- [The data]
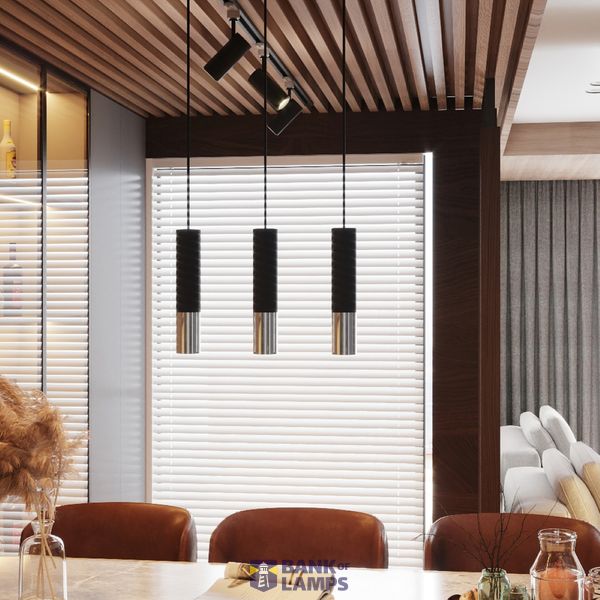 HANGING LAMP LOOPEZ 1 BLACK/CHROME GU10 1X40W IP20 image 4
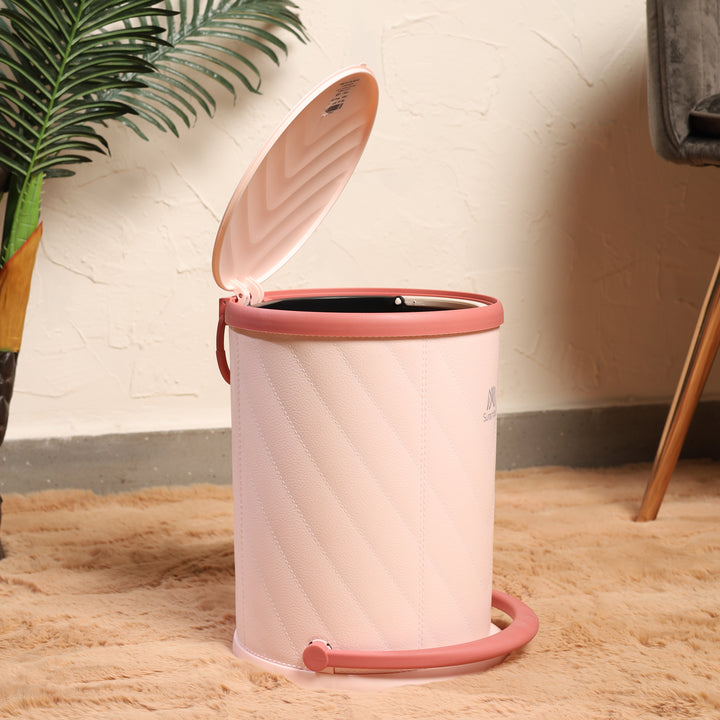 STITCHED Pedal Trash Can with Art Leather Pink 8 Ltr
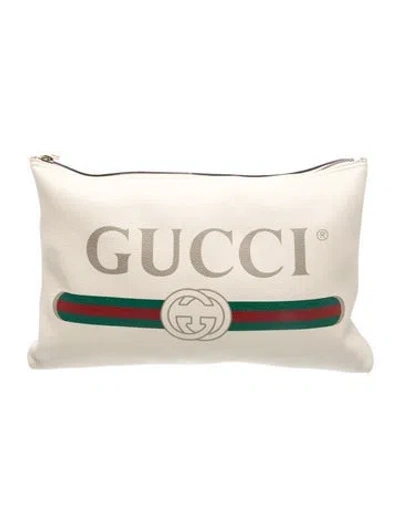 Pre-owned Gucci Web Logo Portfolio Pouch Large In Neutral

* * *

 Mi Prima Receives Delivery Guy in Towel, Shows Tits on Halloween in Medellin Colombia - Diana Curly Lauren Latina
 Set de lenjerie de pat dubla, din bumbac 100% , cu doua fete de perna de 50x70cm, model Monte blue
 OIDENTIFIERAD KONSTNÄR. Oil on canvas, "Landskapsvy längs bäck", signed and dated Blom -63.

---

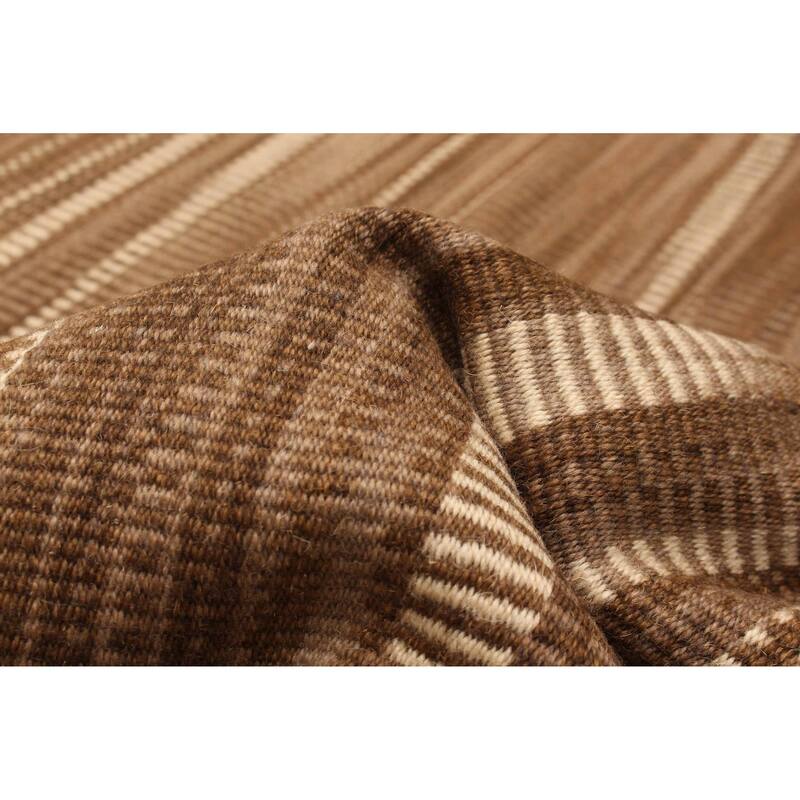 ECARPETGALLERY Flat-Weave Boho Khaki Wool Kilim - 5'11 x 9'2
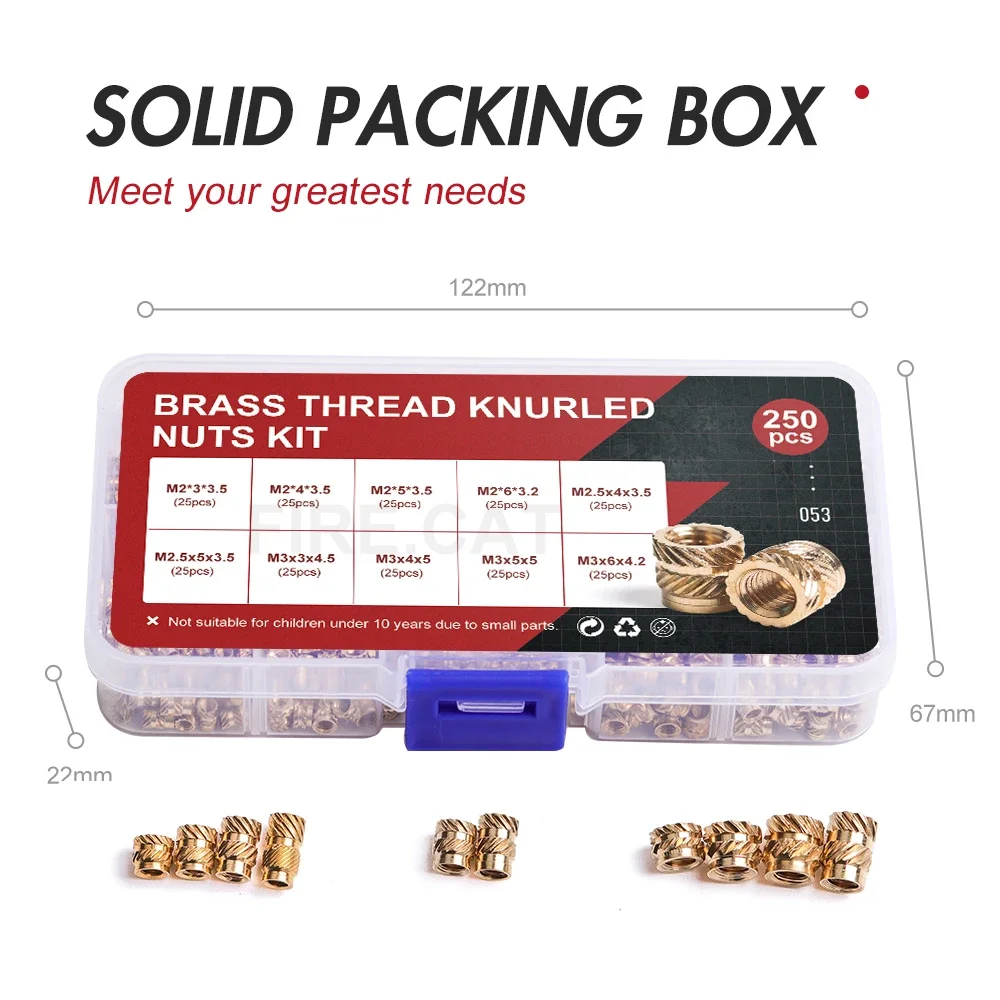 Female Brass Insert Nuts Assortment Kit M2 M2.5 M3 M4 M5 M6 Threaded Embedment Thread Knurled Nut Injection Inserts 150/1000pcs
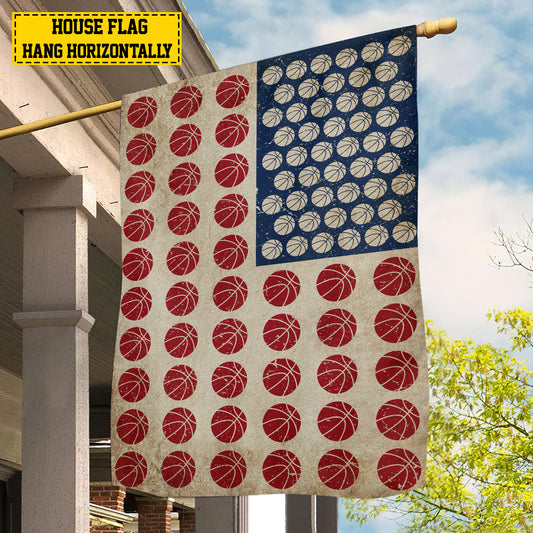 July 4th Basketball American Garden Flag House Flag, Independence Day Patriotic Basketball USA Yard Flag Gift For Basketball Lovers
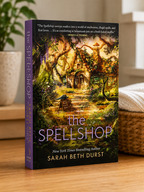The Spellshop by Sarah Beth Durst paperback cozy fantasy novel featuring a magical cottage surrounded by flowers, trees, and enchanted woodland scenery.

- [Work to complete]
Among the entries above, take the lines from the one with "HANGING LAMP LOOPEZ" through the one with "Pre-owned Gucci Web" and retype them exactly, leaving out the pictures.

- [Exercise result]
 HANGING LAMP LOOPEZ 1 BLACK/CHROME GU10 1X40W IP20 image 4
 STITCHED Pedal Trash Can with Art Leather Pink 8 Ltr
 Pre-owned Gucci Web Logo Portfolio Pouch Large In Neutral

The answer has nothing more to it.